### Source material

※

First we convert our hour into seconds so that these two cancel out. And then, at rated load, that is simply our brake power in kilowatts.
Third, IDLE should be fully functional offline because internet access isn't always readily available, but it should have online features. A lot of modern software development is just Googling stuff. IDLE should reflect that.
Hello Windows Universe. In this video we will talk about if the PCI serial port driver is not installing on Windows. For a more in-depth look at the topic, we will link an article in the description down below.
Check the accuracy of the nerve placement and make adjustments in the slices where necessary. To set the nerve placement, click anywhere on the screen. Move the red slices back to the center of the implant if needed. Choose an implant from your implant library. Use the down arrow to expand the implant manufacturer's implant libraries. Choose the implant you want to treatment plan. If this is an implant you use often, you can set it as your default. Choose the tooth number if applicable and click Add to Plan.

※

### Task brief
All the data above is to be given again, exactly.

### Worked solution
First we convert our hour into seconds so that these two cancel out. And then, at rated load, that is simply our brake power in kilowatts.
Third, IDLE should be fully functional offline because internet access isn't always readily available, but it should have online features. A lot of modern software development is just Googling stuff. IDLE should reflect that.
Hello Windows Universe. In this video we will talk about if the PCI serial port driver is not installing on Windows. For a more in-depth look at the topic, we will link an article in the description down below.
Check the accuracy of the nerve placement and make adjustments in the slices where necessary. To set the nerve placement, click anywhere on the screen. Move the red slices back to the center of the implant if needed. Choose an implant from your implant library. Use the down arrow to expand the implant manufacturer's implant libraries. Choose the implant you want to treatment plan. If this is an implant you use often, you can set it as your default. Choose the tooth number if applicable and click Add to Plan.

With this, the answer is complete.